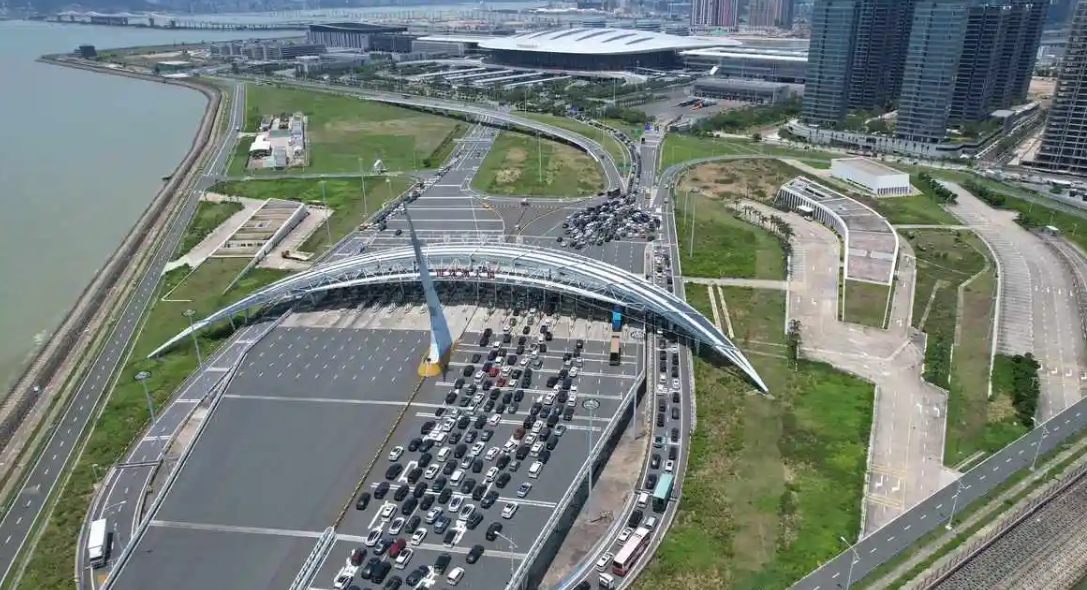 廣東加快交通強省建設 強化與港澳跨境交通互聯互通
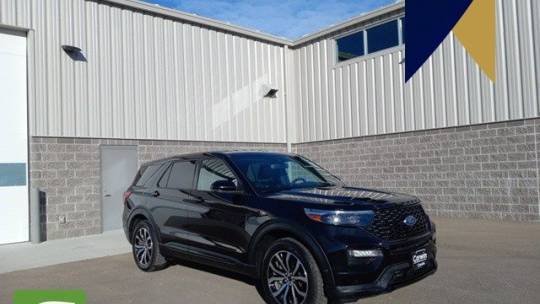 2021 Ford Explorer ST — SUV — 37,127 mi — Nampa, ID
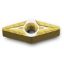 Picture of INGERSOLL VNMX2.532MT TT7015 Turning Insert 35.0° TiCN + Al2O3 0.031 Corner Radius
...
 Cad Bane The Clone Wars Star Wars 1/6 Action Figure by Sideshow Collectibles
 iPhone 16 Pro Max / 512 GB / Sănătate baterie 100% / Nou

#### Task statement
The expected output is the lines above from the one containing "廣東加快交通強省建設 強化與港澳跨境交通互聯互通" to the one containing "Picture of INGERSOLL", both ends included, reproduced exactly with every picture left out.

#### Exercise solution
 廣東加快交通強省建設 強化與港澳跨境交通互聯互通
 2021 Ford Explorer ST — SUV — 37,127 mi — Nampa, ID
 Picture of INGERSOLL VNMX2.532MT TT7015 Turning Insert 35.0° TiCN + Al2O3 0.031 Corner Radius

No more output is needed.